Double chocolate & tahini fudge brownie
Tips to stay thankfully nourished

Double chocolate & tahini fudge brownie

Who doesn't love a rich, fudgey chocolate brownie! I mean what's not to love. It's chocolate! But most chocolate brownie recipes are not suitable for people with allergies, intolerances or those who want to stay clear of white sugar.

So we set ourselves a challenge to create the most delicious chocolate brownie, which is also gluten free, dairy free, egg free, soy free and essentially good-for-you!

After a lot of experimenting (and quite a few failures), we're thrilled to say we did it! Oh, and we added Thankfully Nourished collagen peptides for that extra nutrient richness.

We're pretty sure you and your family will love them. But they're not for the faint hearted - these brownies are rich, scrumptious and deep in flavour from the real chocolate, nuts, espresso and tahini.! You only need a small slice to warm your soul! 

The recipe is below. Hope you enjoy it. 

Katrina

 

 

Ingredients 

  • 100g coconut oil
  • 65g 70% dark chocolate
  • 1/2 tsp vanilla bean extract
  • 15ml espresso (strong coffee shot)
  • 150g rapadura 
  • 2 tbsp ground linseed soaked in 65ml water 
  • 25g tahini
  • 1/2 tsp salt
  • 1/2 tsp baking powder
  • 50g buckwheat flour
  • 25g corn flour
  • 2 scoops Thankfully Nourished collagen peptides
  • 35g cocoa
  • 65g 70% dark chocolate chips
  • 65g chopped nuts (I often use activated walnuts, almonds & pistachio)

 

 

How to make them 

  • Preheat oven to 180C and toast almonds for 8 minutes, then cool and roughly chop
  • Grease and line a 20cm x 20cm square 7cm deep pan with baking paper
  • Combine flours, collagen peptides, salt and cocoa and set aside
  • Warm coconut oil in a saucepan no more than 50C. Add in the chocolate to oil and allow to sit and melt, then stir
  • Add vanilla and coffee to coconut oil and stir through
  • Place sugar in the bottom of mixer bowl and while running on low add chocolate coconut oil mixture
  • Add linseed water mix to tahini and stir.
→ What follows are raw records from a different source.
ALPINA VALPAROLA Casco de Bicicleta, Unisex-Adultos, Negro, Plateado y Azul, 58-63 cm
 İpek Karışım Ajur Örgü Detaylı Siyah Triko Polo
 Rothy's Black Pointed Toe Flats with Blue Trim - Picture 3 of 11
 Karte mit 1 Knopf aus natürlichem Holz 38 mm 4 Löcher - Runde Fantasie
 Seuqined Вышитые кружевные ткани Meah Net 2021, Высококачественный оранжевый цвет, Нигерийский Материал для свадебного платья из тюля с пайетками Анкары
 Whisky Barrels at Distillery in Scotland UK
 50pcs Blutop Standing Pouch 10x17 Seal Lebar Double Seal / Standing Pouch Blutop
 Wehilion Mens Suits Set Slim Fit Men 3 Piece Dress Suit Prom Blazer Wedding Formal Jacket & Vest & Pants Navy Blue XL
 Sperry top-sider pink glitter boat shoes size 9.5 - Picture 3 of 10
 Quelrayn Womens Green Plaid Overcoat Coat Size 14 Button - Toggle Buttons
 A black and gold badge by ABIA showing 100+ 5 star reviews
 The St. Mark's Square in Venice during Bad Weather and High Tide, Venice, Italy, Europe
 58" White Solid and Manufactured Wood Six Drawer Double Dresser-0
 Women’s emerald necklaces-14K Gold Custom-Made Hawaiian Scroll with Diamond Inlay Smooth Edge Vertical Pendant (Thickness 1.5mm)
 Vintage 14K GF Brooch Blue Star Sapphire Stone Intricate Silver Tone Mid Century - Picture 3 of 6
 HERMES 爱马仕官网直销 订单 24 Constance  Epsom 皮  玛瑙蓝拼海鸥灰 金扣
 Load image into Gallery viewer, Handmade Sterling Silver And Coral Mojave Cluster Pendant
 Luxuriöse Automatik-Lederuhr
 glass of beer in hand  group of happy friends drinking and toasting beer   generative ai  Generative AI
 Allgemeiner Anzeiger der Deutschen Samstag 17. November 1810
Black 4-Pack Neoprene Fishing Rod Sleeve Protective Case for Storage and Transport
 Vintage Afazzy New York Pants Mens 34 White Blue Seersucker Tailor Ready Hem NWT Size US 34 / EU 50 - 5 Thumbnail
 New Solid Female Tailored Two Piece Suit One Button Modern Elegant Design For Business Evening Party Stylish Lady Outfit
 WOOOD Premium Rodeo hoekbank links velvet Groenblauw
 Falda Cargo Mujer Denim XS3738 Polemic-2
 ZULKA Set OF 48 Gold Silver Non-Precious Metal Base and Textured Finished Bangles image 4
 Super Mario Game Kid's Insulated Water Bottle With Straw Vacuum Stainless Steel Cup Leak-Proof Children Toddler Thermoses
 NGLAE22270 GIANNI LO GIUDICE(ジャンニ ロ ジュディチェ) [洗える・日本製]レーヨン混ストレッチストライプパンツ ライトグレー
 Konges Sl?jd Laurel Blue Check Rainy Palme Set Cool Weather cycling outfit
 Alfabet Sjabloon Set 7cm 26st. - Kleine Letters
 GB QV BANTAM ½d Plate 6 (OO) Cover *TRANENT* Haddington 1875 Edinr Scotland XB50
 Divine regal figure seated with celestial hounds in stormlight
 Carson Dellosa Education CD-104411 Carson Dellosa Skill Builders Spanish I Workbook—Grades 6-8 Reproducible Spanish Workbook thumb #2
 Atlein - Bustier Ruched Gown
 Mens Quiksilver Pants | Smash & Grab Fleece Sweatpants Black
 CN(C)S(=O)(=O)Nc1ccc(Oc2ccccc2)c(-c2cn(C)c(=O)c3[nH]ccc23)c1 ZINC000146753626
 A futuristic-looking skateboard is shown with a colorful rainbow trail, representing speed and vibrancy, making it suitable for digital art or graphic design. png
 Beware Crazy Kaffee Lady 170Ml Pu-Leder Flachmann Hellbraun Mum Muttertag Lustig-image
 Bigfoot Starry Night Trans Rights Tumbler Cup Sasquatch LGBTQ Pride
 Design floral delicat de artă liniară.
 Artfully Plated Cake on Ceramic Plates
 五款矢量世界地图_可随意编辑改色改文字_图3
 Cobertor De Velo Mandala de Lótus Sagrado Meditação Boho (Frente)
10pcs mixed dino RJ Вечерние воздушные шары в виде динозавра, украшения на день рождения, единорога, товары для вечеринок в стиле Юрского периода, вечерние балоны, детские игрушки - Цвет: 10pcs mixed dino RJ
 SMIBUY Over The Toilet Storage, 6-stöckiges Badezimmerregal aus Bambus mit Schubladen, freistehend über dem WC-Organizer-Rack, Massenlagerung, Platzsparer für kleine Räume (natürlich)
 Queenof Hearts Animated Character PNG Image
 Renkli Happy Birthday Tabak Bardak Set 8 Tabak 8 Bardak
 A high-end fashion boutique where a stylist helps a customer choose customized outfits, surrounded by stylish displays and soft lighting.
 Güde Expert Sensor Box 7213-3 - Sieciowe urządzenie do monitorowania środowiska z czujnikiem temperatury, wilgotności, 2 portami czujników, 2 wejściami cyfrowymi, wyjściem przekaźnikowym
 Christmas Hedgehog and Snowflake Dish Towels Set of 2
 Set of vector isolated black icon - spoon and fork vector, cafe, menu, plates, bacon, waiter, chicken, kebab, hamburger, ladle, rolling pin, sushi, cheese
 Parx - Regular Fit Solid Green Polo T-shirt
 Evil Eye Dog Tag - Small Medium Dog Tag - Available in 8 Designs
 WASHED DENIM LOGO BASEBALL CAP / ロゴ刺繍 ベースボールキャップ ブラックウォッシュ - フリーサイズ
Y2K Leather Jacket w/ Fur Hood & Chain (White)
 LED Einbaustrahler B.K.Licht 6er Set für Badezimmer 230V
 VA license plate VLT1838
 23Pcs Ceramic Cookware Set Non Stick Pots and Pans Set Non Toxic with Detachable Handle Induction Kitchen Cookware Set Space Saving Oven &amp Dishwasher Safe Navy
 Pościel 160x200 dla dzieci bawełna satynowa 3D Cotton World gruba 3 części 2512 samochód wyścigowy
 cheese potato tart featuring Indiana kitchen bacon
Then add to mixer bowl slowly until incorporated
  • Turn up the speed and beat for a few minutes.
  • Turn the mixer off. Add dry ingredients and mix through by hand with a wooden spoon
  • Fold through nuts and choc chips
  • Pour mixture in to pan and spread it out evenly
  • Bake at 180C for 40 minutes
  • For best results in cutting the brownie, refrigerate it overnight and you’ll be able to get nice sharp cuts and not squash the brownie.